Zimbabwe: Mugabe, Tsvangirai to meet over violence

by Own Correspondent

HARARE -- The leaders of Zimbabwe's two main political parties are scheduled to meet today to discuss resurgent intra-party violence and other issues affecting the country's fragile coalition government, Prime Minister Morgan Tsvangirai's office said yesterday.

It said Tsvangirai would meet with President Robert Mugabe to discuss violations of their power-sharing pact or global political agreement (GPA) amid reports of a flare-up of violence ahead of possible polls later this year.

"The two leaders of the major political parties in Zimbabwe agreed to meet on Friday to deal with the pressing matters afflicting the transitional government," the office said in the latest issue of the Prime Minister's Newsletter, a weekly publication that updates the public on government business.

The meeting is expected to tackle the contentious issues of political violence, an ongoing constitution-making process as well as a proposed referendum and polls.

Earlier this month Tsvangirai accused Mugabe of complicit in the campaign of violence and intimidation being waged by soldiers and other militias linked to his ZANU PF party.

He held Mugabe responsible for the army and police force's relentless efforts to block democratic reform, saying the veteran leader was aware of the security forces' resistance to the unity government and its change programme.

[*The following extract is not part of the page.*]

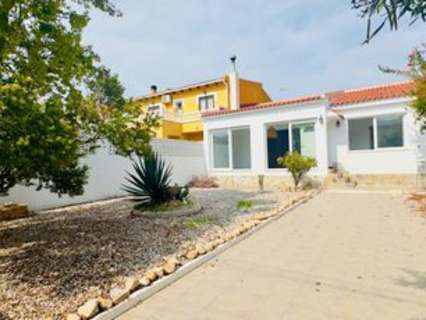 Casa en venta en Torrevieja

Tsvangirai said Mugabe - who is the supreme commander of the armed forces and appoints the country's police, secret and prison service chiefs - was in the know about the army's violent manoeuvres and should be able to call off the violence campaign that has seen more than 1 000 families displaced from their homes since January.

Mugabe and Tsvangirai have also clashed over the timing of general elections that the veteran Zimbabwean leader wants to be held this year while the Prime Minister insists on the development of a roadmap first to avoid the violence that marred the previous plebiscite held in 2008.

Friday's meeting takes place at a time when a three-member South African team of mediators is in Zimbabwe to try and resolve the power-sharing dispute between Mugabe and Tsvangirai.

The South African facilitators are expected to meet Mugabe and Tsvangirai over the proposed roadmap to a free and fair election, which they are developing on behalf of the Southern African Development Community (SADC).

South African President Jacob Zuma is the official SADC mediator in the dispute between Mugabe and Tsvangirai.